### ACTIVITY
Return, exactly and with nothing added, the line with "Emergency tree removal" together with all lines after it through the end of the data below. No pictures belong in the copy.

### SOURCE DATA
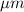 Mathematical equation: $\mu{m}$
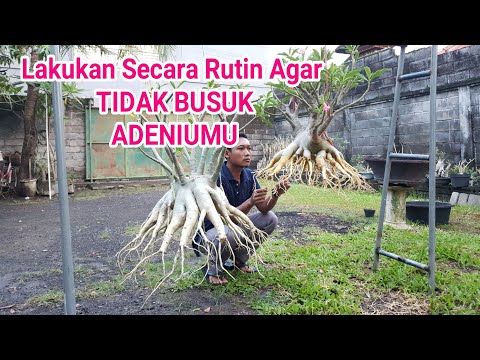 Video Cara ini Mencegah Busuk Adenium 2021
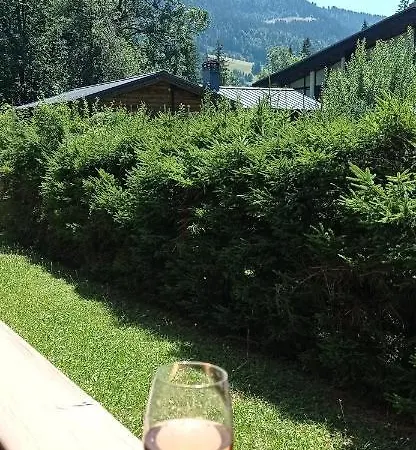 Ideal Pour Famille. * Praz-sur-Arly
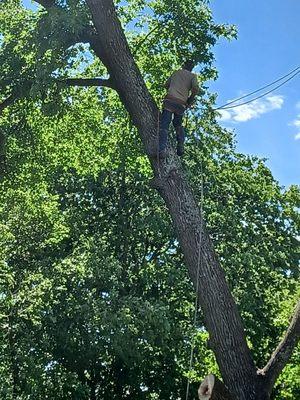 Emergency tree removal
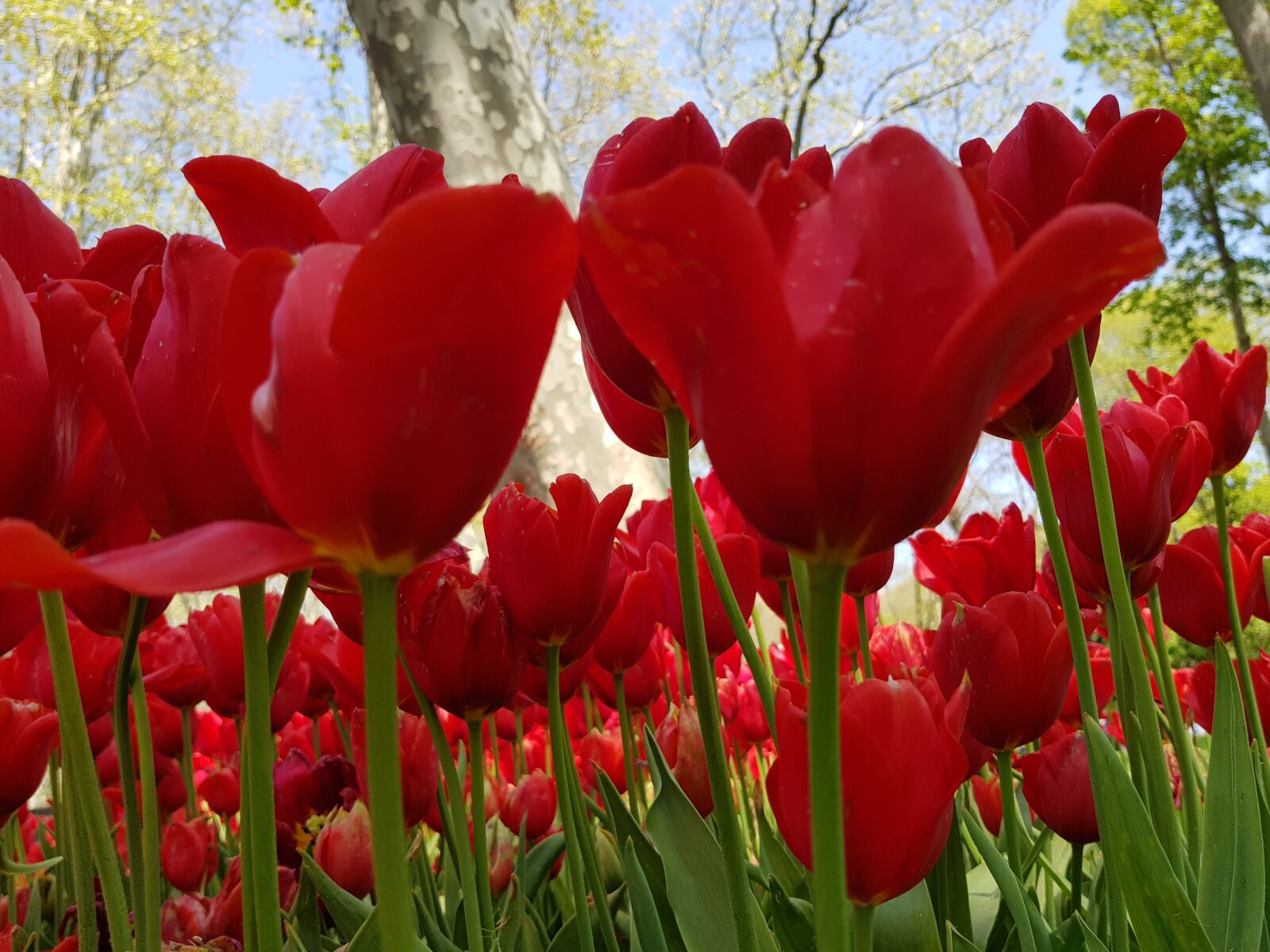 Samsung Galaxy S8 sample photo. Nature, tulip, flower photography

### RESULT
 Emergency tree removal
 Samsung Galaxy S8 sample photo. Nature, tulip, flower photography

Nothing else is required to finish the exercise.